Dining On Distraction
"I think there are lots of factors that come together to ultimately influence how much we eat," says Suzanne Higgs, a psychologist at the University of Birmingham in the United Kingdom. She's studying how our thinking processes and our state of mind influence what we eat.
Take distraction. Remember how I said that our calzone-eating friend at Union Station was distracted by all the people-watching? This may help explain why he chowed down so much at breakfast and why he was likely to eat more as the day went on.
Higgs recently measured the differences between people who ate their lunch, mindfully paying attention to each bite of food, compared with people who watched TV — or worked on their computers while eating.
"When people are distracted from their lunch, we find that — given the opportunity later in the day to consume cookies — they actually eat more cookies than if they weren't distracted when they ate their lunch," Higgs says.
So not only do people tend to consume more when they're not paying attention to a meal, but food also seems to taste duller.
Bring The Noise
In a recent study from the University of Manchester in the U.K. and Unilever, researcher Andy Woods experimented with varying levels of background noise in a dining room. He found that as it gets louder, people lose their ability to perceive saltiness and sweetness.
"We also found an intriguing link between food liking and background noise preference, such that when the person quite liked the background noise, they reported the food was more liked," Woods says.
The study, which included 48 participants, was published in the peer-reviewed journal Food Quality and Preference.
So if we want to enjoy what's on our plates, instead of jonesing for a second helping, maybe it wouldn't hurt to chill out and put on our favorite music during a meal.

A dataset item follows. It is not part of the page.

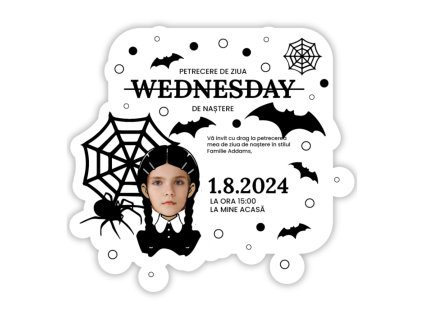 Invitații personalizate 6 buc - Wednesday
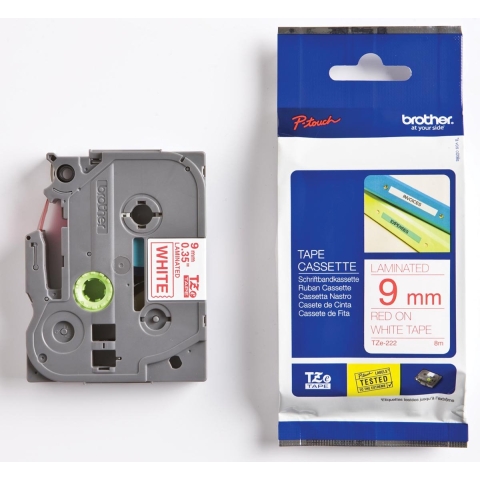 Labeltape Brother TZe, TZ TZe-222 PET Tapekleur: Wit Tekstkleur:Rood 9 mm 8 m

The researchers hope to follow up on how noise levels influence perceived taste. They say that one explanation for the finding is that noise may distort the brain's ability to gauge other senses.
Lose Weight Or Eat Cake
But inevitably, we have to step back out into the world again, where temptation is everywhere.
"I think there's so much emphasis on food all the time," says scone-and-coffee lover Caree Scott.
She adds, look no further than magazines displayed at grocery check-outs — they're all the same. "On every issue, there's a thing that says 'lose 20 lbs by spring,' and then right underneath there, there's a picture of a cake."
Caree says the contradiction is almost laughable.
"You can't lose weight and also have the cake," she says.
That is a hard reality to swallow. And probably why next year I'll be back with another story: why it's so hard for people to stick with their diets.